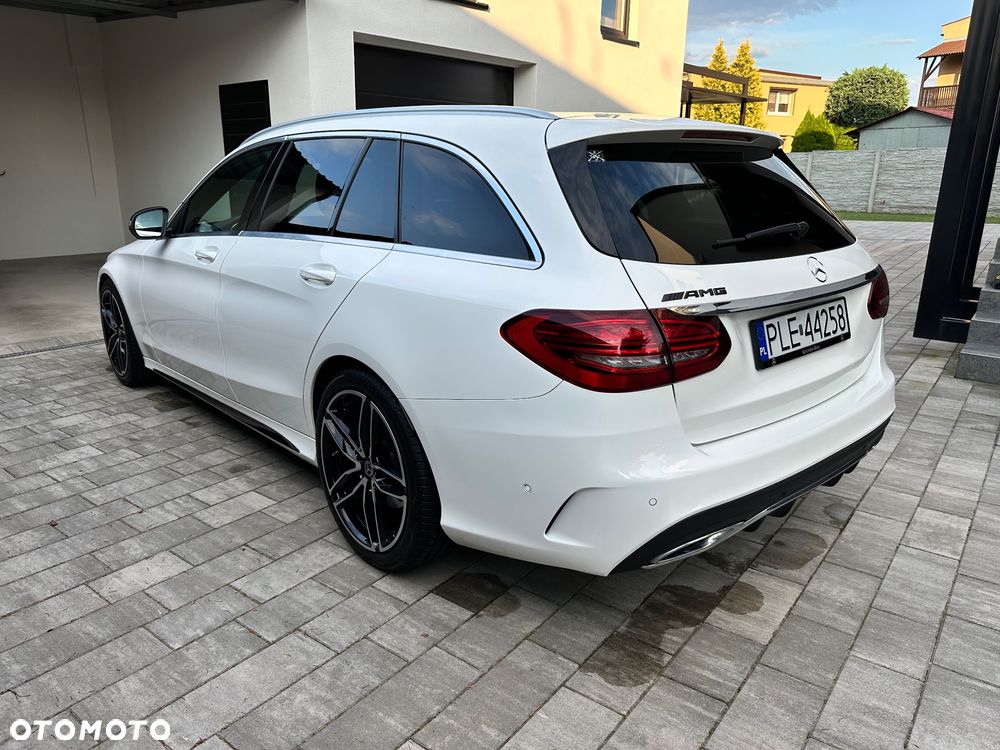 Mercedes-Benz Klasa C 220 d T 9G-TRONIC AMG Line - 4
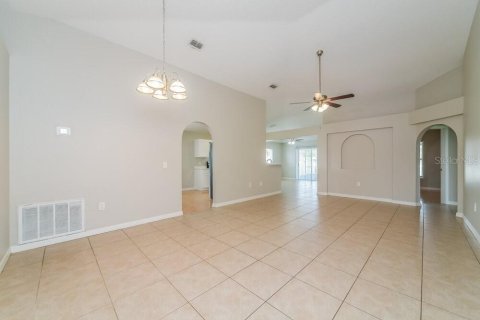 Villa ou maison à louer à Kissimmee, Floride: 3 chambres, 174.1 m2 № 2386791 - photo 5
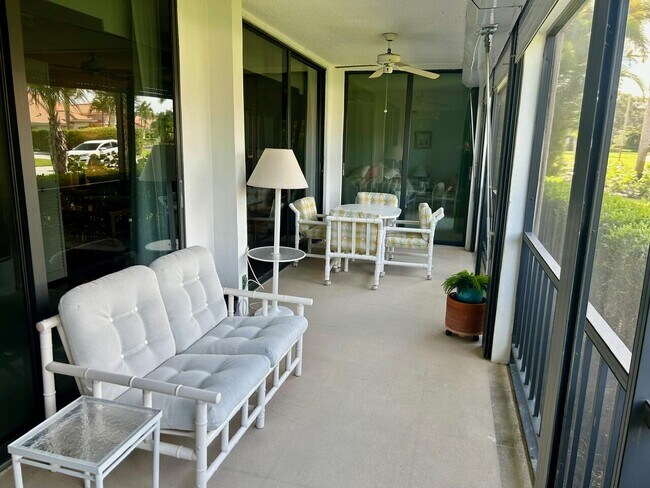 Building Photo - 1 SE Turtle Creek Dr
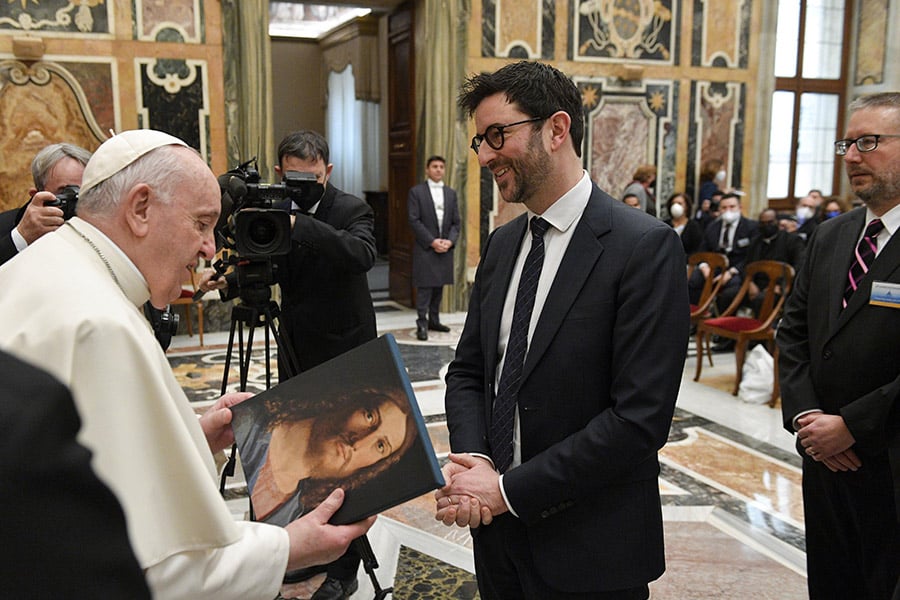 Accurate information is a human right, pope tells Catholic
-*-
● Task statement
What you give back must be exactly the lines of the listing above from the line containing "Villa ou maison" through its last line, inclusive, without pictures, please.

● Answer to this exercise
 Villa ou maison à louer à Kissimmee, Floride: 3 chambres, 174.1 m2 № 2386791 - photo 5
 Building Photo - 1 SE Turtle Creek Dr
 Accurate information is a human right, pope tells Catholic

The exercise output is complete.